Materials and subjects:
-Micro: Micro cards were my major resource. I used CMMRS a little bit too.
-Pharm: kaplan videos and pharm cards. Pharm was the only subject I didnt watch the lectures for
-Pathology: Top 5 path lecturers of all time: Goljan, Goljan, Goljan, Goljan, Goljan. He spits hot fire. I used pathoma to learn each subject first, then watched uic lectures and did Uworld and Robbins questions. Goljan is great for integrating topics, but his audio is a little out of date so don't go crazy with the details. I didn't use his book much - it's good but goes a little beyond whats needed for step 1. Path is the most important subject so learn all of these subjects very well
-Physio: Actually a pretty important topic, gets integrated into a lot of other questions so make sure you have a solid understanding. I used the BRS which was good review but Im not sure if it's in depth enough if there are topics you need to learn fresh
-Anatomy: it comes up but is hard to predict. Review clinical correlations from M1 notes. I didnt use any specific review resources
-Neuro: actually a pretty big subject. I did some of the kaplan videos, and then used FA and looked through the atlas. Be comfortable with identifying the major structures on slides and dissections
-Bchem: Kaplan videos and Lange cards
-Immuno: first aid's pretty solid
-Histo: nothing, pretty minor subject
-Psych/behavioral science: I used the BRS and FA which I think was good enough
-In general I didnt use FA much, but it was useful as an overview to make sure I didn't miss any major topics
-The "big books" like Robbins and Grays are good for clarifying unclear / incorrect info in the review sources.

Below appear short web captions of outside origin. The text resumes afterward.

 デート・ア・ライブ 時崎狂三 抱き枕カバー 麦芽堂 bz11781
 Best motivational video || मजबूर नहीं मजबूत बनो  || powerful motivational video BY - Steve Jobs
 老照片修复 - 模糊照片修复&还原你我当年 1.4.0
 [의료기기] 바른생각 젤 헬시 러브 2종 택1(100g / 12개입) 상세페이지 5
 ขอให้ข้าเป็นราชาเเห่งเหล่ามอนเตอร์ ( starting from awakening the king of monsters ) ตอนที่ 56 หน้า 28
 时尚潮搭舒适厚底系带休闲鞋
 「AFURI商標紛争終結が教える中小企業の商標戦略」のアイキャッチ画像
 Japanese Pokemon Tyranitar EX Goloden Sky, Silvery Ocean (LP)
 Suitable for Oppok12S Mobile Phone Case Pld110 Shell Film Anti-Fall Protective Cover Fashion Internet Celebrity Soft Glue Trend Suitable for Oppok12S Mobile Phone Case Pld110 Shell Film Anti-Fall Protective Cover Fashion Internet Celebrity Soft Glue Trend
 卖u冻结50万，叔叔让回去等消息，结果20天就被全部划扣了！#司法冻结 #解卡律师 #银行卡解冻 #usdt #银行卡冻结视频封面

I didn't read through very much of Robbins but some people swear by it
-Review tests: I did the one provided by the school in march and then one per week during May. Do the last one at least a week before the real thing. Try to do some from NBME and some from UWorld. The real test is somewhere in between the 2 in style


Remember that people do very well with very different study habits and strategies. Don't get too stressed out if other people around you have a different approach, just study hard with whatever style works well for you.